Look below for the line that has "Baby Feeding Bib". Set down the lines from there through the line that has "Petit Pro Eyeshadow", exactly as written.
━━━━
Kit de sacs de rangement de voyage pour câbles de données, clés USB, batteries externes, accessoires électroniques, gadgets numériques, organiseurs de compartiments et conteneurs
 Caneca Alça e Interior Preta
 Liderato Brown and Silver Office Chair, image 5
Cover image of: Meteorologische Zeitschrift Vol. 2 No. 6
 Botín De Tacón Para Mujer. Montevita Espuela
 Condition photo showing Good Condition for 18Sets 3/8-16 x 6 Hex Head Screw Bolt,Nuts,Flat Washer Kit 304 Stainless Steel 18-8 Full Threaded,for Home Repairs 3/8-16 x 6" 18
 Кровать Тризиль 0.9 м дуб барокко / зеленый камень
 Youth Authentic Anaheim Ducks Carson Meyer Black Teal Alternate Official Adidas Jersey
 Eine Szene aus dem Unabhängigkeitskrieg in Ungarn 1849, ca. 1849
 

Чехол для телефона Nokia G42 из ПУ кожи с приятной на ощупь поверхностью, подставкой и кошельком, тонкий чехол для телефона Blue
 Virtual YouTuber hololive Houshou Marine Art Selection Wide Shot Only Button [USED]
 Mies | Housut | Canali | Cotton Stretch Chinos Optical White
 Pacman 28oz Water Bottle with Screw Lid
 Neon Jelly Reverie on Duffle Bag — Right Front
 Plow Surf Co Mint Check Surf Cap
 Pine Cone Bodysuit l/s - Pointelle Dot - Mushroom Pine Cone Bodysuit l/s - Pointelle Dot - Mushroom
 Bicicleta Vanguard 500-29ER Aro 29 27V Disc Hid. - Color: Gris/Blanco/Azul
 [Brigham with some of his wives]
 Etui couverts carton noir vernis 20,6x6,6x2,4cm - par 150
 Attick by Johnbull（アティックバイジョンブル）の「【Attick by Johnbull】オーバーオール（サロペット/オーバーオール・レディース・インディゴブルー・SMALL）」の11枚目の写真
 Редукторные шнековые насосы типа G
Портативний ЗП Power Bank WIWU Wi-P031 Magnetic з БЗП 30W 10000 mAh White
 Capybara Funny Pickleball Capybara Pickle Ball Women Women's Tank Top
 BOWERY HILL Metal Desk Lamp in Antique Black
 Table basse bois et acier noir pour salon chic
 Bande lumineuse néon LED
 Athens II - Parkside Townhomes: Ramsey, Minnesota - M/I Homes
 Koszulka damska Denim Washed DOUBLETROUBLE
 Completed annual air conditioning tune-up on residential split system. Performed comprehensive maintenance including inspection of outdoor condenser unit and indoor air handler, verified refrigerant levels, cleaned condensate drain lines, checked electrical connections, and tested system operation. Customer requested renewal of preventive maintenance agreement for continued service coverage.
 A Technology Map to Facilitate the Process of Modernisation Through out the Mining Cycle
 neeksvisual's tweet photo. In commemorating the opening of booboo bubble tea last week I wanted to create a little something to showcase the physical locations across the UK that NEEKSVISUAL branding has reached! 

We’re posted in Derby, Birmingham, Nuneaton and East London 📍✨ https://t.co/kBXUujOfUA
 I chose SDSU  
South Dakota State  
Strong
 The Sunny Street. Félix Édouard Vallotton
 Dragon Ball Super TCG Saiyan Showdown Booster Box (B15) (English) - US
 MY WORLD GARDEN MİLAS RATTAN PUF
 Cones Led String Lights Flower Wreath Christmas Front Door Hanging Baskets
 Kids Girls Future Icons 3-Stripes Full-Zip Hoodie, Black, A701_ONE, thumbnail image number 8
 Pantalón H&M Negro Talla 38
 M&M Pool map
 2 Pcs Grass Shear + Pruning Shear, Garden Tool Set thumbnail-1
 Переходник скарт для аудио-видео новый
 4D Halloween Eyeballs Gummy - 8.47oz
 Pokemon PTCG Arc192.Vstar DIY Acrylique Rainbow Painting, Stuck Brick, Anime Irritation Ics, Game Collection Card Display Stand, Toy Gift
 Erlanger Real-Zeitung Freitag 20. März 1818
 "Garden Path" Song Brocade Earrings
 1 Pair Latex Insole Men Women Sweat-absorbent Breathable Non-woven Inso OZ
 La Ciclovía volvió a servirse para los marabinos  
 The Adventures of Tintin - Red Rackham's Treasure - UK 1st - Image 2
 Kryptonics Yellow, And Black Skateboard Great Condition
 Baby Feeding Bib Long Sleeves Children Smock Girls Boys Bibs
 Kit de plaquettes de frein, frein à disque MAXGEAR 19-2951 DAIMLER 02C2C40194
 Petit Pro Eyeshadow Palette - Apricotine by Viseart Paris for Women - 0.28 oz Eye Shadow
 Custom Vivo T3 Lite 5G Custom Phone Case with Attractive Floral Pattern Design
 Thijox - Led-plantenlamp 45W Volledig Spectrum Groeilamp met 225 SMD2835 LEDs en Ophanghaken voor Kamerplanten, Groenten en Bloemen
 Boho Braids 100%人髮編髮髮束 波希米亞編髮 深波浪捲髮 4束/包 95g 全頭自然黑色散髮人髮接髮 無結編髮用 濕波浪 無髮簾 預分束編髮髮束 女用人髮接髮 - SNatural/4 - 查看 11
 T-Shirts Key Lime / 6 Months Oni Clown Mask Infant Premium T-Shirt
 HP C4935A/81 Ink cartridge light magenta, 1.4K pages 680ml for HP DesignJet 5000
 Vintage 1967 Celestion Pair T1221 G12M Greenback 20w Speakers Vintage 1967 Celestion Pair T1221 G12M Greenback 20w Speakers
━━━━
_REPLY TO THE EXERCISE_:
 Baby Feeding Bib Long Sleeves Children Smock Girls Boys Bibs
 Kit de plaquettes de frein, frein à disque MAXGEAR 19-2951 DAIMLER 02C2C40194
 Petit Pro Eyeshadow Palette - Apricotine by Viseart Paris for Women - 0.28 oz Eye Shadow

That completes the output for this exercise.